Hz. Mehdi (a.f) beş altı yaşlarına kadar babasının yanında yaşamını böylece sürdürdü. Her ne kadar gizli olsa da bilgi, ileri görüşlülük, olgunluk, bedensel, ilmî ve ruhî güç açısından babasından sonraki zor ve buhranlı günlerde Şiîlerin önderliğini üslenmek için hazırdı. İmam Hasan Askeri’nin (a.s.) Hicri 260 yılının Rebiyülevvel ayının 8.günü şehit oluşu, Hz. Mehdi'nin gönlünü üzüntüye boğduğu gibi imametin ağır yükünü de onun omuzlarına yükledi. Kardeşinin çocuğunun varlığından haberi olmayan bahsettiğimiz diğer kardeş, İmam Askeri’nin (a.s.) namazını kıldırmak için onun naaşı önünde hazır bekliyordu. Ancak Masum İmam'ın namazını Masum İmam'dan başkası kılamazdı.
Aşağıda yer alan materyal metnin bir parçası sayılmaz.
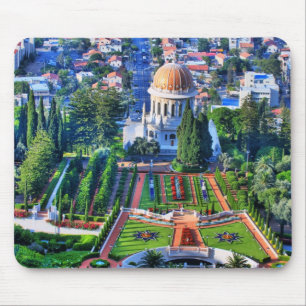 Tapis De Souris Jardin Mousepad de Baha'i
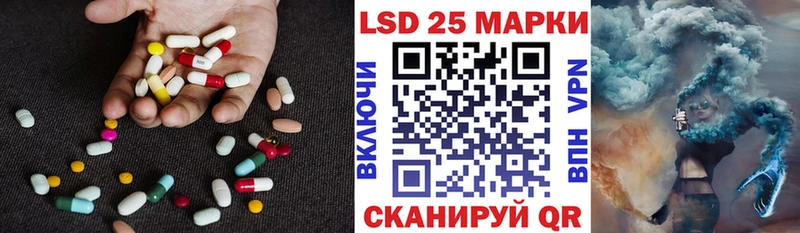ЛСД экстази кислота  Константиновск 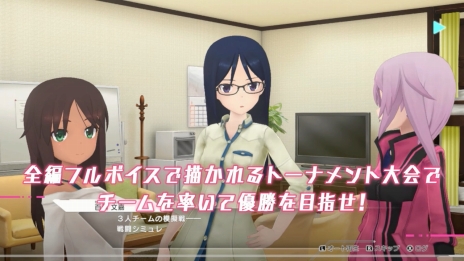画像ギャラリー No.002のサムネイル画像 / 「アリス・ギア・アイギス CS」の最新PVが公開に。インゲームシーンをふんだんに使った，ゲームカスタム編とストーリー編の2本
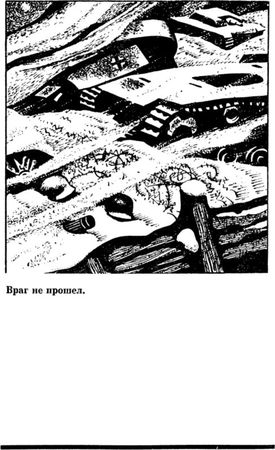 В. Яковлева - Ради жизни на земле (сборник)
O anda halk evin içinden yakışıklı, görkemli ve vakarlı bir çocuğun çıktığını gördü. Amcası olan yalancı Cafer'i kenara itti ve değerli babasının cenaze namazını kıldırdı. Bu haber her yere yayıldı. Abbasî halifesi Mu'temid'in memurları o çocuğu yakalamak için evin etrafını kuşattılar. İmam'ın (a.s) evi iç içeydi. Çok sayıda odası ve bodrumu vardı. Memurlar onu bulmak için her yeri aradılar; ama Mehdi (a.f), bu serdaplardan birinde gözlerden kayboldu. Artık bundan sonra onu göremediler ve ele geçiremediler. Şimdi bu mukaddes serdap Samerra'da, İmam Askerî'nin (a.s.) Türbesinin yanındadır. Ziyaretçiler o yüce şahsiyeti ve gözden kayboluş anını anmak için orayı kutsuyorlar ve orada namaz kılıyorlar. Hazret'in mübarek kokusunu teneffüs ediyorlar.
Zamanımızın İmamı (a.c) her ne kadar gözlerden gizli ise de onun adı, hatıraları ve mis kokusu canlarda sonsuz olarak yaşıyor ve sürekli olarak anısı ruhlara mutluluk bahşediyor, kalplerde ümitler yaşatıyor…
Bu sessizlik anlarında
Ki an be an gam sarmıştır.
Bak ne kadar susuzum
Yudumlarına bir tanıdık sesin
Beni çağır,
Senin sesin
İyi olma sesidir.
Benim bütün anlarım
Terennüm anının bekleyişindedir.
Ne olur gönlüme bir seslen
Gönlümü bu sessizlik anlarından ayırsan
Ne olur yorgun gözümü
Bir anlık görmeyi bekleyişimden
Kurtarsan,
Kurtarsan.[2]
[1]- Nergis (Nercis): Roma imparatorunun kızı olup adı Melika idi. Gördüğü rüyanın etkisiyle, İmam Askerî ‘ye (a.s) hayran kalıp Müslüman olur. Müslümanlarla Romalılar arasında çıkan bir savaşta bir grup tutsakla birlikte o da esir düşer. İmam Ali Naki (a.s), onu Dicle Nehri kıyısında diğer esirlerin arasından seçip cariye olarak satın alıp Samerra'ya getirmesi için bir kişiyi görevlendirir. İmam Askeri’nin halası Hekime'nin evine yerleştirildi. Daha sonra İmam Askeri’nin eşi oldu ve İmam-ı Zaman'ın (ac.) annesi olma şerefine erişti. (Onun yaşamıyla ilgili geniş bilgi edinmeniz için değerli yazar Muhammed Bakır Por Emini'nin "Nergis Hemdem-i Horşid" adlı kitabını okuyabilirsiniz.)